The anniversary of my father’s death was this week. One of the gifts he gave me is a phrase he repeated during my teens: “Consider the source.” Like most adolescents I didn’t have a clear notion of who I was. Every critical word ate through me as if it were acid. I reveled in J.D. Salinger’s coming of age novels. Romance bored me. I wanted to read about people who saw the world from a unique perspective. I wondered why I was so different, and didn’t realize that my self-questioning probably wasn’t much different than other kids’ thoughts about themselves.

Being one of the popular kids—such a glorious thought—but for me it would have been easier to understand how to make rain fall back into the clouds, fountain style.

“They’re just jealous,” my mother would say. That notion escaped me completely, even though it felt good at the time. Jealous of what? Sure, I’d written a one-act play that won first prize in the Greater Cincinnati area. My grades were better than average. I sang soprano relatively well. But those things never came up in ordinary conversation, especially when the other kids told me I had cooties.
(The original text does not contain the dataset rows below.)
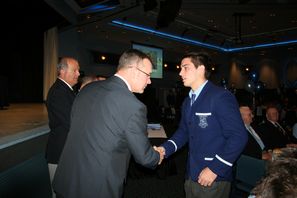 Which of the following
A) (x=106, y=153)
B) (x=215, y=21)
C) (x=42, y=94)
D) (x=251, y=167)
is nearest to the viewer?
(x=106, y=153)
I looked in the mirror and wondered what set me apart; it never told me.

I didn’t know that consider the source, three simple words, needed decades to learn. The source of people’s actions and words come from diverse places. Most of the time they tell more about the giver than they do the recipient. The flatterer may want something and the detractor could be jealous, self-involved, or simply unaware.

I can still hear my father’s tone as he spoke to me. It didn’t carry censure, as if one person were right and the other wrong. He asked me to consider the whole. If the taunt came only to make the speaker appear superior, it had no substance. If I chose to be mean-spirited, that would create a win for my adversary—and a loss for my character.

Now, I don’t remember the specific events of three days ago. So, if I decide to live in a past decade most of it will be false memory. Even if I recall every uncomfortable second exactly as it occurred, I would be losing this precious present moment. My skin doesn’t fit as well as it did then, but my spirit has a better notion about who this 67-year-old woman is. Oh, I still have plenty to learn. I misunderstand often enough to need to apologize more often than I would like to admit.

However, I cherish my father’s teaching and I cherish the life he gave me. This day is an opportunity. I pray that I use it well.